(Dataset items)
BEGIN

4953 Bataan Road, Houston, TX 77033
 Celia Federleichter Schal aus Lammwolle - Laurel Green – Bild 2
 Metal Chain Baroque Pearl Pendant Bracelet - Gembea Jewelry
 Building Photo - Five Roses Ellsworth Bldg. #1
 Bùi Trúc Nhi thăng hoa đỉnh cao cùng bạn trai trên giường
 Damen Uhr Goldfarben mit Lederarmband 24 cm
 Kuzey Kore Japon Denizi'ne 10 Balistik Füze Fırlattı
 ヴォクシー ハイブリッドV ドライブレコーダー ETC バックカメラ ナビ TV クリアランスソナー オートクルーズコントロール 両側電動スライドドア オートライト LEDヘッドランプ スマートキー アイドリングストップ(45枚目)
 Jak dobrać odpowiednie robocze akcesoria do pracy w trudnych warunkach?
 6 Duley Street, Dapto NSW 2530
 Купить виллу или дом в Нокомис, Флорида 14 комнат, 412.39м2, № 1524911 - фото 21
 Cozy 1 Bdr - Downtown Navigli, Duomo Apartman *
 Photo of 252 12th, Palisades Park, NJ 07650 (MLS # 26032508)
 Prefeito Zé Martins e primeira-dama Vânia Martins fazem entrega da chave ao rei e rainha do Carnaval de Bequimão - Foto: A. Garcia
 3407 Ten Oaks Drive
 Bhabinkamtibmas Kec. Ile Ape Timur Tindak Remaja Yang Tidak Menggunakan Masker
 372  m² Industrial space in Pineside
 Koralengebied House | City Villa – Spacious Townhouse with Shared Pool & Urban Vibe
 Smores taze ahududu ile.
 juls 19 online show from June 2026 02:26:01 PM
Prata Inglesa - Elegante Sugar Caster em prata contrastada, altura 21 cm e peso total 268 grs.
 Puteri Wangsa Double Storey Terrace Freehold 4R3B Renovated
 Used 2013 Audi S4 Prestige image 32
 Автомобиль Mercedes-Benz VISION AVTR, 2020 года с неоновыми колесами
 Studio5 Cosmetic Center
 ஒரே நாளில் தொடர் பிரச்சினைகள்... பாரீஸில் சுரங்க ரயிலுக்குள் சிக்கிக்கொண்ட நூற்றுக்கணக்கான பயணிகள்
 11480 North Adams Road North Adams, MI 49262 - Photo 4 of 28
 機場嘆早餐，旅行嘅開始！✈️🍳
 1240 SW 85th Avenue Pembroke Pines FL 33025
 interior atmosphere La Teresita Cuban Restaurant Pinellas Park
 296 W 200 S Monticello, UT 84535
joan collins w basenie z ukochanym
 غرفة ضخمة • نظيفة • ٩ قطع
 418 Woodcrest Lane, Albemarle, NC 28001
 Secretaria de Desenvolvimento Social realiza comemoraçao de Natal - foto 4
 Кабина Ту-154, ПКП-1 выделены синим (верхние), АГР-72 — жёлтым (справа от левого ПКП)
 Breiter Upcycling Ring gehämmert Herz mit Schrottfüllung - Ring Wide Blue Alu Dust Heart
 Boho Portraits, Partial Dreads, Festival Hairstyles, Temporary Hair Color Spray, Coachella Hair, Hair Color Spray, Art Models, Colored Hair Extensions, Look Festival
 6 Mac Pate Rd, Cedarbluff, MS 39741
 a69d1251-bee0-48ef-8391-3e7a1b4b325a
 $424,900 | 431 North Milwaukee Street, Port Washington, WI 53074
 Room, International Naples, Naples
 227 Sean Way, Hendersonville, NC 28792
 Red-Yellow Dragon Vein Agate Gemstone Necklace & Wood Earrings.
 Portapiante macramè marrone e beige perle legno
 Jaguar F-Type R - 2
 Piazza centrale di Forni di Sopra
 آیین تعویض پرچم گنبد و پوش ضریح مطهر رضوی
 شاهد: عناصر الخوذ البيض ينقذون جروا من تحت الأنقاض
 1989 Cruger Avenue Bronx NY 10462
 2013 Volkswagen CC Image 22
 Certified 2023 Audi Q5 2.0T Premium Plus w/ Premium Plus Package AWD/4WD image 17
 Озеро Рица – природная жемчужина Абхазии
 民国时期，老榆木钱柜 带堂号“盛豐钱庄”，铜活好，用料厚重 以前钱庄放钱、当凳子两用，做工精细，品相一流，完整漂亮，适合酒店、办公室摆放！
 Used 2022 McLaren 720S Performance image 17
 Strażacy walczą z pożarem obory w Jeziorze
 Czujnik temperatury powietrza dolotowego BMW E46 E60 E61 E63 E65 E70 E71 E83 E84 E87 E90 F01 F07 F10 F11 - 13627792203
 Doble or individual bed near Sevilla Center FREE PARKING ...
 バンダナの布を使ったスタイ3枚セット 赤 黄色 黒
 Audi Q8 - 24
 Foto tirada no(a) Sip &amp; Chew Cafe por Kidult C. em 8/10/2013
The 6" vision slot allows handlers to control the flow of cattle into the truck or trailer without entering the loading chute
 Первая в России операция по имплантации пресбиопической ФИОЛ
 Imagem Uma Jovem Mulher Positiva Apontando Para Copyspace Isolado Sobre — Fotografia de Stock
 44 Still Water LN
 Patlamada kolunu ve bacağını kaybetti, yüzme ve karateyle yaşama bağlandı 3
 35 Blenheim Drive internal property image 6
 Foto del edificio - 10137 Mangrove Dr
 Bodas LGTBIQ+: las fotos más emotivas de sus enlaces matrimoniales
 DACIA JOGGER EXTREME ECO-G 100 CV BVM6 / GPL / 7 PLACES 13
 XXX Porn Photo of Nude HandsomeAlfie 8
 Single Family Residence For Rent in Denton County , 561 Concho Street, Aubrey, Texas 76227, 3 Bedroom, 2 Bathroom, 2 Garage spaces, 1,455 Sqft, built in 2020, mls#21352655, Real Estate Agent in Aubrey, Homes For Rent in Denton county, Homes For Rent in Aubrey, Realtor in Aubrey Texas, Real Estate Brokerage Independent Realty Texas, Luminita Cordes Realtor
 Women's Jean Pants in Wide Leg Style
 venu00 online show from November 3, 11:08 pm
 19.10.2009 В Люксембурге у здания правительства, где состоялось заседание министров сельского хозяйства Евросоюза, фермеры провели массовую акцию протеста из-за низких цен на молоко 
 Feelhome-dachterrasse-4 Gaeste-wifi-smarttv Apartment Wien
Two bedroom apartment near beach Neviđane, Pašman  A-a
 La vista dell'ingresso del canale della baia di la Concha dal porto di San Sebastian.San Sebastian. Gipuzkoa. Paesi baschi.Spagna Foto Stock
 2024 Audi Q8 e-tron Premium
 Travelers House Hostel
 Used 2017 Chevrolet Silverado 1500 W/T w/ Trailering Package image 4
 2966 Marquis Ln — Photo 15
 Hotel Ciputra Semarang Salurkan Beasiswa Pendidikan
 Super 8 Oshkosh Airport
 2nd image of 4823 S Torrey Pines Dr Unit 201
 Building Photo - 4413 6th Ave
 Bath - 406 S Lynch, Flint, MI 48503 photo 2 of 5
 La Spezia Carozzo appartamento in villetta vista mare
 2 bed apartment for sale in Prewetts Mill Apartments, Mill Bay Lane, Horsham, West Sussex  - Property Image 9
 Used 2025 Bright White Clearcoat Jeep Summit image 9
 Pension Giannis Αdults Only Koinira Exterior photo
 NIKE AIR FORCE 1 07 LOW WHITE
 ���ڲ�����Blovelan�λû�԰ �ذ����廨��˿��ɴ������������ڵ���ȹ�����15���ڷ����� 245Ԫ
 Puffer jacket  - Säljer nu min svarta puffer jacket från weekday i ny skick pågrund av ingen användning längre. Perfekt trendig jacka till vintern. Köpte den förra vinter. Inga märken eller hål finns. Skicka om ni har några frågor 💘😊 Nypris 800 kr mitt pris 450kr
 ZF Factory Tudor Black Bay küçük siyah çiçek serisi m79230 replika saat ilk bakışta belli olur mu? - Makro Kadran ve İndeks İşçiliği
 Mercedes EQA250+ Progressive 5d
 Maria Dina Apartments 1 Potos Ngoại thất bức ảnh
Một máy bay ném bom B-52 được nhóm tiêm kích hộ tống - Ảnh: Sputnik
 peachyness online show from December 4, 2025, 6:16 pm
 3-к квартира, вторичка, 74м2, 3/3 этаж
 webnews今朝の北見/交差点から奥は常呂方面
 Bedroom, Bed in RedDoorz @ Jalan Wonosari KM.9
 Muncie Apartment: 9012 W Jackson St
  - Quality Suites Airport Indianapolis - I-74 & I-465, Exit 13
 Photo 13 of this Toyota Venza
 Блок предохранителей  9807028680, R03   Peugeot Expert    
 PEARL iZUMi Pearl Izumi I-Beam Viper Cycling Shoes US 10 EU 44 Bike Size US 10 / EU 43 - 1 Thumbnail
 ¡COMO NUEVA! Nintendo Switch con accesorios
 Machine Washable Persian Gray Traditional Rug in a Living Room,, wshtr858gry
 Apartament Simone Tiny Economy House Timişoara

END

■ **Exercise details**:
Begin with the line above that has "6 Duley Street, Dapto NSW 2530" and continue through the line that has "Photo of 252", setting each one down exactly. Stop there.

■ **Answer to this exercise**:
 6 Duley Street, Dapto NSW 2530
 Купить виллу или дом в Нокомис, Флорида 14 комнат, 412.39м2, № 1524911 - фото 21
 Cozy 1 Bdr - Downtown Navigli, Duomo Apartman *
 Photo of 252 12th, Palisades Park, NJ 07650 (MLS # 26032508)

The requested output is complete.